That “crisis” is not war, famine, or climate change. It is the perceived erosion of traditional authority by liberal norms and universal institutions. In response, Russia calls for the world to be reorganised—not around shared values—but around inherited civilisational boundaries. This is empire, wrapped in the language of authenticity.
Civilisational sovereignty redefines legitimacy around power, not principle. It justifies the invasion of neighbours as reunification, the occupation of foreign territory as historical correction, and the suppression of dissent as cultural preservation. It treats alliances like NATO and the EU as illegitimate when they exist within Russia’s claimed sphere. It promotes authoritarianism not as a necessary evil, but as a natural expression of traditional values. It casts liberalism, multiculturalism, and human rights not as universal aspirations, but as subversive tools of the West.
Kharkiv, March 2025. The sign reads: Kharkiv is unbreakable. Own photo.
This vision has already produced war, annexation, deportations, and war crimes. In the end, civilisational sovereignty is not a doctrine of freedom. It is a doctrine of domination. It reimagines the world not as a community of sovereign equals, but as a constellation of great powers and subordinate states. In this order, civilisations —not nations—are the building blocks of global politics. And only a few actors are deemed worthy of that title. Everyone else is expected to submit to the gravitational pull of their local hegemon. Legitimacy flows not from law, or rights, or mutual consent—but from cultural identity and brute power.
“The imbalanced model of world development… ensured the advanced growth of colonial powers through the appropriation of resources of dependent territories… [but] is irrevocably fading into the past.” (FPC §7)
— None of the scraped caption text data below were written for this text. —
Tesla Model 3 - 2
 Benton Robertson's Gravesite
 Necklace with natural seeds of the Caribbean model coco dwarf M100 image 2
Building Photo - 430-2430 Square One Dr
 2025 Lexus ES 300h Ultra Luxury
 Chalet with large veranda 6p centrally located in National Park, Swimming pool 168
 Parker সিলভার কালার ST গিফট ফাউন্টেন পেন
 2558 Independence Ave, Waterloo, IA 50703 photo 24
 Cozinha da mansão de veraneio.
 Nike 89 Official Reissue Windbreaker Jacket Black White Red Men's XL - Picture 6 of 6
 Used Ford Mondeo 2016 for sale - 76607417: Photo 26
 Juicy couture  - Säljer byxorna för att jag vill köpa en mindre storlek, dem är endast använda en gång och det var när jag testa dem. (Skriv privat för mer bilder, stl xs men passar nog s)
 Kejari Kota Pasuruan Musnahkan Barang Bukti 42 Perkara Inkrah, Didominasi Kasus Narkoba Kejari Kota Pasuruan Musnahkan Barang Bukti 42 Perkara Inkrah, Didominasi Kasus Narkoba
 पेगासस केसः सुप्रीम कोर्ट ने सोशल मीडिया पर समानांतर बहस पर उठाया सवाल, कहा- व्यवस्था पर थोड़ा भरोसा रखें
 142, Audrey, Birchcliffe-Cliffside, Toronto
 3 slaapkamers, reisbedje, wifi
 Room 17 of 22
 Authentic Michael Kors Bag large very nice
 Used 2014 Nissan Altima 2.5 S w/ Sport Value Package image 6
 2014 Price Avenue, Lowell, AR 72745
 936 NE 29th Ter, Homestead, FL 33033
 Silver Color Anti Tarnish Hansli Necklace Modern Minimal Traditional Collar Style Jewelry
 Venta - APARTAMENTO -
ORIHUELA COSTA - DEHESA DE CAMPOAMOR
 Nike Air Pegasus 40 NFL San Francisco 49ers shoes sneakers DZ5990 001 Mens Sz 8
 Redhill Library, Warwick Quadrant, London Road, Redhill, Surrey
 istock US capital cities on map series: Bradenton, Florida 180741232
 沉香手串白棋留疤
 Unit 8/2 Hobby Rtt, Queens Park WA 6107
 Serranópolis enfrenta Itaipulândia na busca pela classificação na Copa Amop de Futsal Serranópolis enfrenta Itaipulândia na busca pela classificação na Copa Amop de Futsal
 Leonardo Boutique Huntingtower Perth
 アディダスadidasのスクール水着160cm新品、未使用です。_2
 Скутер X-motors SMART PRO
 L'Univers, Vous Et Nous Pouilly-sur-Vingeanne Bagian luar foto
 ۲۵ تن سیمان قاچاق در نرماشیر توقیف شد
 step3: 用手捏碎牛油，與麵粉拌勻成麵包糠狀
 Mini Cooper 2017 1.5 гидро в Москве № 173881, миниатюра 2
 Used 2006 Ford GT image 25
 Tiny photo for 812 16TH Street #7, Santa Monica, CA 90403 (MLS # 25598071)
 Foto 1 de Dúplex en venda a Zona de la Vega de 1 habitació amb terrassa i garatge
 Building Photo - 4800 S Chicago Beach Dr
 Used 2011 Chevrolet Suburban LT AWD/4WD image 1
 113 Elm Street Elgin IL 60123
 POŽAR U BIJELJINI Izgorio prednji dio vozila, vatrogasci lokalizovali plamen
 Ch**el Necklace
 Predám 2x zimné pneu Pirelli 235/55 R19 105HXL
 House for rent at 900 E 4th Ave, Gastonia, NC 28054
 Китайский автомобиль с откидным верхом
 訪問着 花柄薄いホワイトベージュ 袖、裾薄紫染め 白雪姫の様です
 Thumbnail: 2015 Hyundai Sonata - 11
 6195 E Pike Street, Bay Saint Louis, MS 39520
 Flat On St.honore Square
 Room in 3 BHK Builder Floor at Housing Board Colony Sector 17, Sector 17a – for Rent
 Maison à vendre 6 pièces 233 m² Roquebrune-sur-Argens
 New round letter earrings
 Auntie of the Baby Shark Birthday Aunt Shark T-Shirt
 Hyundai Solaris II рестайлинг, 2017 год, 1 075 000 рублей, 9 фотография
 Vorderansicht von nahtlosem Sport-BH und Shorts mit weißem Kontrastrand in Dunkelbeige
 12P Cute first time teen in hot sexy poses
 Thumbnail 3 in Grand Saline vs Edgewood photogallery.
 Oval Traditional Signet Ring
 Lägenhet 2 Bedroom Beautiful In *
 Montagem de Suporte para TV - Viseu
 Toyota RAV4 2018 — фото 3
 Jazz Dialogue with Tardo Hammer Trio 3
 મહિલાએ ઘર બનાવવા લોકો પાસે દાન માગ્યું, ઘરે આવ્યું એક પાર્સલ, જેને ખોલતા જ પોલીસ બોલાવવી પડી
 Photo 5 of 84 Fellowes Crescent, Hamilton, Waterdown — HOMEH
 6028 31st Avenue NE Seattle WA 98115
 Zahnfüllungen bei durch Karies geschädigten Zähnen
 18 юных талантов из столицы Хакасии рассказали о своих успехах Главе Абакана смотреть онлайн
“Russia… is one of the sovereign centres of global development performing a historically unique mission aimed at maintaining global balance of power.” (FPC §5)
It is tempting to dismiss this as grandiose posturing. But the world is decisively moving in the very direction Russia predicted. The liberal order is fractured. Universalism is contested. Sovereignty is increasingly defined by identity and force, not law and cooperation. And as Western democracies falter, Russia’s ideological map is no fantasy. It is the reality we failed to prevent.
Russia’s full-scale invasion of Ukraine is not a deviation from its doctrine. It is the doctrine made real.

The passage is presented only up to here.